WORK TO COMPLETE: Only the lines from the top of the data through the line with "THREE VARIOUS CLEAR GLASS DECANTERS" should be repeated, each exactly as written.

RECORDS:
***
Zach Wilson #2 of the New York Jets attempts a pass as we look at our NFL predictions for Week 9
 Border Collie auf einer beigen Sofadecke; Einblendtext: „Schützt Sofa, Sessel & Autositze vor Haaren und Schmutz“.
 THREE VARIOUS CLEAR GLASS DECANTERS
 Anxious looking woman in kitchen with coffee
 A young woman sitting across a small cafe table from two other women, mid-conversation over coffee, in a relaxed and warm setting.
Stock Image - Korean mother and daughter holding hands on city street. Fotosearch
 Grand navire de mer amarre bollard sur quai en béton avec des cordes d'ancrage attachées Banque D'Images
***
TASK SOLUTION:
Zach Wilson #2 of the New York Jets attempts a pass as we look at our NFL predictions for Week 9
 Border Collie auf einer beigen Sofadecke; Einblendtext: „Schützt Sofa, Sessel & Autositze vor Haaren und Schmutz“.
 THREE VARIOUS CLEAR GLASS DECANTERS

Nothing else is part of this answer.